High Crag stands at the southern end of the High Stile ridge which divides the valleys of Ennerdale and Buttermere in the west of the English Lake District. It is often climbed as part of a popular ridge walk, from Black Sail youth hostel, or from Buttermere via Scarth Gap. Panoramas of Great Gable and the Scafells are visible.

==Topography==
The Western Fells occupy a triangular sector of the Lake District, bordered by the River Cocker to the north east and Wasdale to the south east. Westwards the hills diminish toward the coastal plain of Cumberland. At the central hub of the high country are Great Gable and its satellites, while two principal ridges fan out on either flank of Ennerdale, the western fells in effect being a great horseshoe around this long wild valley. The highest section of the northern branch is formed by the trio of Buttermere fells, High Crag, High Stile and Red Pike.
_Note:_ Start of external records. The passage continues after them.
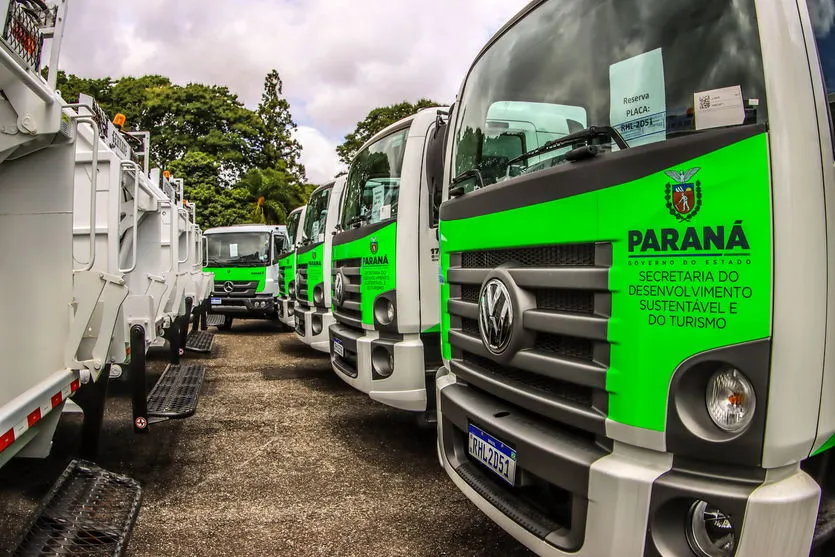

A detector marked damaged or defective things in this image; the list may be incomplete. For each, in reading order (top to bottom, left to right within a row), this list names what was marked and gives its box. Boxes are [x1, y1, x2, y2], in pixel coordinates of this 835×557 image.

cracked asphalt [0, 320, 536, 552]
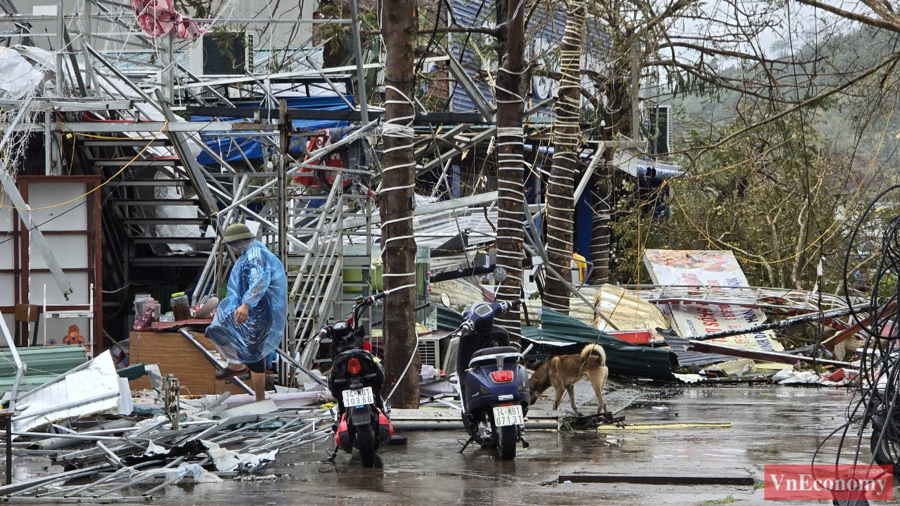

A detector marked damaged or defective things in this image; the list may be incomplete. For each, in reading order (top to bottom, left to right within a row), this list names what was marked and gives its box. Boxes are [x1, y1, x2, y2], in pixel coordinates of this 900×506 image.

bent metal scaffolding [0, 0, 520, 390]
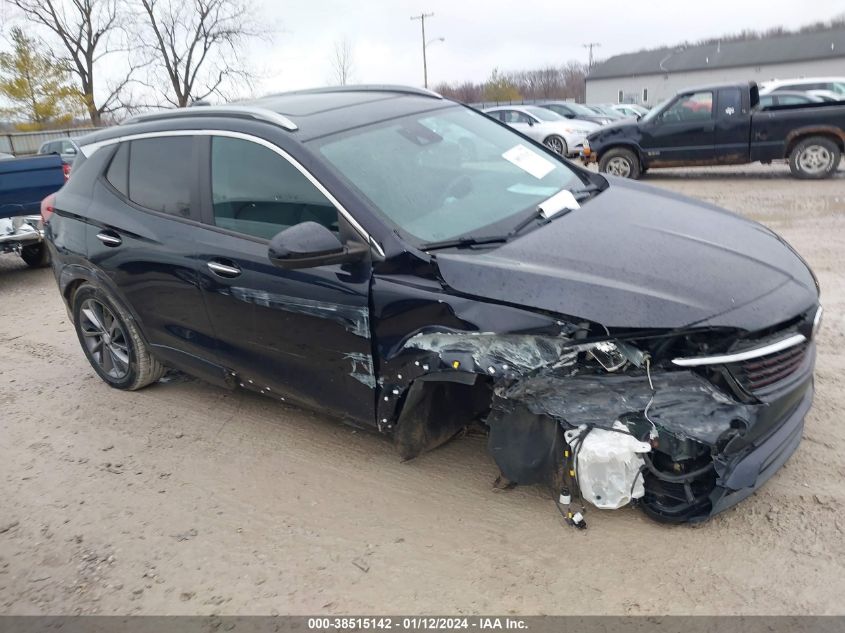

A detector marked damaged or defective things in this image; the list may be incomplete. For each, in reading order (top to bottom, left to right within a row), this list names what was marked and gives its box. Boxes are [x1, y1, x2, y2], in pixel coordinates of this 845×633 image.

damaged black suv [44, 87, 816, 524]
The Buttermere Fells, also known as Buttermere Edge, form the watershed between Buttermere and Upper Ennerdale. The Ennerdale flanks are steep and rough, put with only small areas of crag, the lower slopes being planted with a ribbon of conifers. Across the narrow ridge-top to the north are deep corries and dark walls of crag, glowering down over the lake. The ridge continues south east to Haystacks and the Great Gable group. Beyond Red Pike to the west are Starling Dodd, Great Borne and the Loweswater Fells.
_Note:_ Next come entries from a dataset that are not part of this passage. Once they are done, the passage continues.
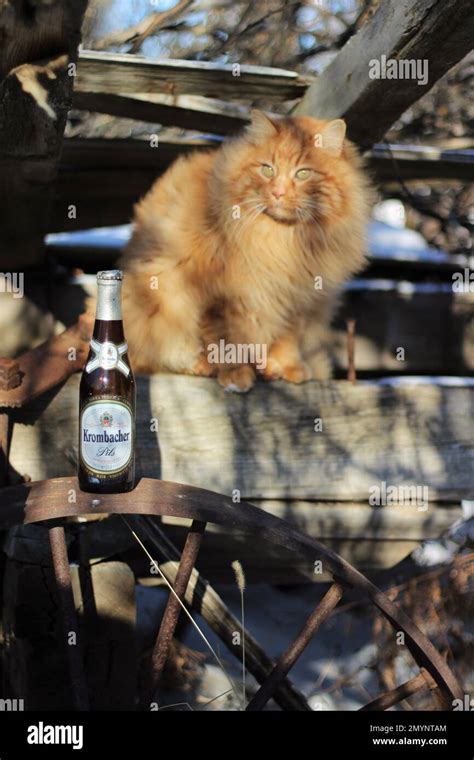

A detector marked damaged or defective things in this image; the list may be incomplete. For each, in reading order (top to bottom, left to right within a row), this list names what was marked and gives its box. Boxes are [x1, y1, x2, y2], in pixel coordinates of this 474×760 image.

rusty metal rod [49, 524, 90, 708]
rusty metal rod [149, 520, 206, 696]
rusty wagon wheel [0, 476, 464, 712]
rusty metal rod [248, 580, 344, 712]
rusty metal rod [360, 672, 426, 708]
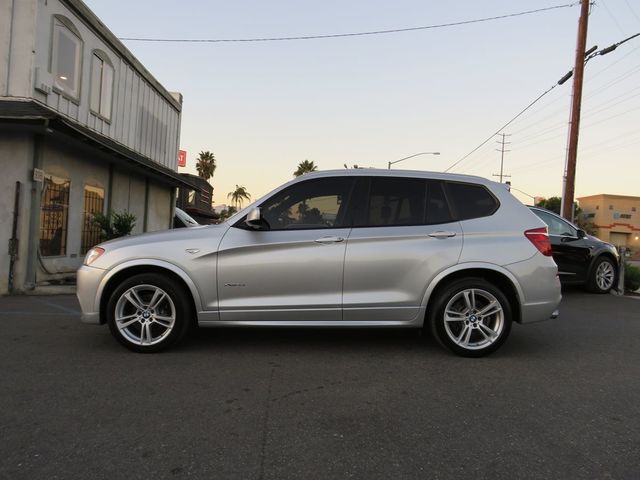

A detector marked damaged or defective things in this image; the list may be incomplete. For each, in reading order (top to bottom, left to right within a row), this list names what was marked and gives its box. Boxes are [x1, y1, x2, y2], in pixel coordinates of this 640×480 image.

pavement crack [256, 366, 274, 478]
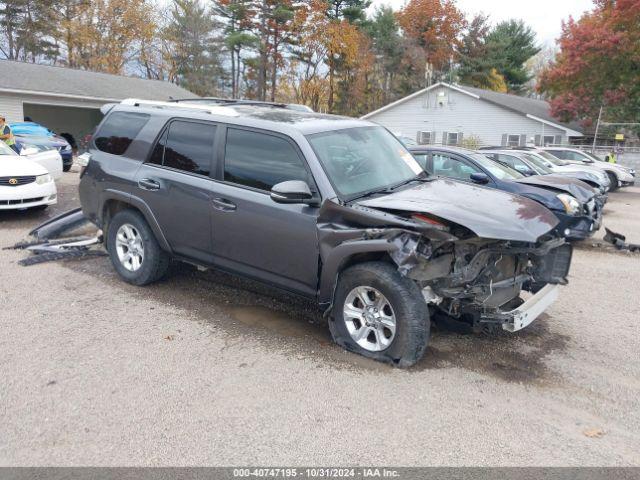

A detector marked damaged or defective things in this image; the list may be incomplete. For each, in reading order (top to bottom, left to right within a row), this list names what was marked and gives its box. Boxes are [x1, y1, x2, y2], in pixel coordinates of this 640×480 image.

crumpled hood [358, 178, 556, 242]
crumpled hood [512, 174, 596, 202]
damaged front end of suv [318, 178, 572, 336]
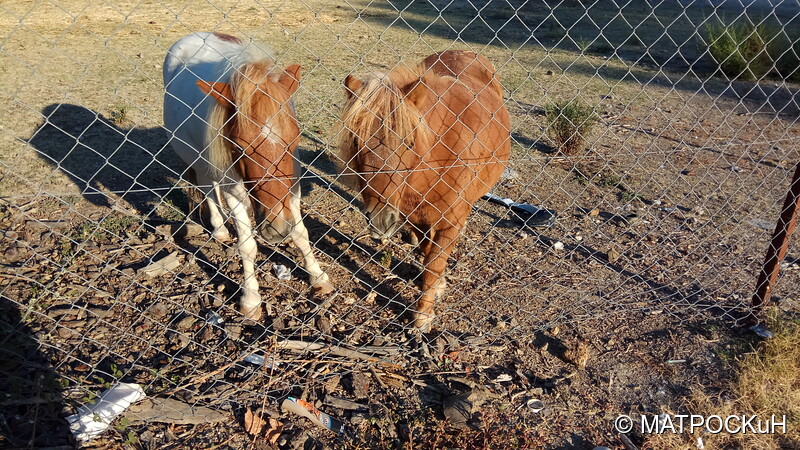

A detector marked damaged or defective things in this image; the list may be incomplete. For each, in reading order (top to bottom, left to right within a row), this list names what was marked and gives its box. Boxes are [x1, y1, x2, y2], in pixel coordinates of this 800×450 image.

rusty fence post [752, 162, 800, 324]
High Crag forms the eastern terminus of the Buttermere Fells, its most arresting feature being the great scree slopes of Gamlin End where the high ground falls away. 700 ft below, the ridge levels out once more and throws up the craggy top of Seat (1840 ft). A final steep descent then leads to Scarth Gap, a walkers' pass between Buttermere and Ennerdale.

All three Buttermere Fells throw out a rocky spur toward the lake, these walls enclosing Birkness and Bleaberry Combs. Birkness Comb, also called Burtness Comb on Ordnance Survey maps, lies between the truncated and unnamed northern ridges of High Crag and High Stile. Drained into Buttermere by Comb Beck, its headwall is rimmed by crags on all sides. Sheepbone Buttress flanks High Crag, which also has a share in Comb Crags, lining the onward ridge. It is the great scooped hollow of the Comb which results in the narrowness of Buttermere Edge. The northern spur also ends abruptly as High Crag Buttress, a further tier of rock lying just above the lakeshore.

==Geology==
The summit rocks are of the Birker Fell Formation, plagioclase-phyric andesite lavas. Interbeds of volcaniclastic sandstone and lapilli tuff also appear. Seat is an outcrop of the flow banded andesite lavas of the Haystacks Member, shot through with quartz-feldspar phyric microgranite.
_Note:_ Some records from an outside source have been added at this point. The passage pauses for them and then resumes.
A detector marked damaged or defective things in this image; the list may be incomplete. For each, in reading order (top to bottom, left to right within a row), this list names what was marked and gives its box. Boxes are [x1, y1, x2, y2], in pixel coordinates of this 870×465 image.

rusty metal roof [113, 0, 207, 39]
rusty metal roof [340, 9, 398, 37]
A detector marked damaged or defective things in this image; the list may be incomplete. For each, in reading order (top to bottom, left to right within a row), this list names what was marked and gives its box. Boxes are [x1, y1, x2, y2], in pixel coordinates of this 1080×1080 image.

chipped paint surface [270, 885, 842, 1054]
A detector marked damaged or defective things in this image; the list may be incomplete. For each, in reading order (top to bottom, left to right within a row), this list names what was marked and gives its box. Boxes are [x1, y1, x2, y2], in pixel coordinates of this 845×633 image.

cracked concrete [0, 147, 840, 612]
There was small scale mining activity in the late nineteenth century beneath Low Wax Knott, adjacent to the Scarth Gap path. Two men worked the operation, living on the fellside in a hut. A search was organised after their regular visits to the local hostelry abruptly ceased, and one was found dead in a pool at Warnscale. It was suspected that the other had killed him.

==Summit==
The triangular summit has a cairn at the high point above Gamlin End. The view is restricted by High Stile, but the head of Ennerdale- backed by the Scafells- presents a fine picture. More distant glimpses of Skiddaw and the Helvellyn range are also granted. A short walk north west toward the top of the crags brings Buttermere and Crummock Water into sight.

==Ascents==
Scarth Gap can be gained from the head of Ennerdale, but this is a long walk from anywhere except Black Sail Youth Hostel. Scarth Gap provides the more regular approach from the Buttermere valley, parking being available at Gatesgarth. On the Buttermere side a path cuts off the corner at the top of the pass and removes the need to first ascend Seat, before the long assault on the screes of Gamlin End. From the shore of Buttermere Wainwright noted that an ascent may be made via Birkness Comb, climbing a grassy rake through the crags.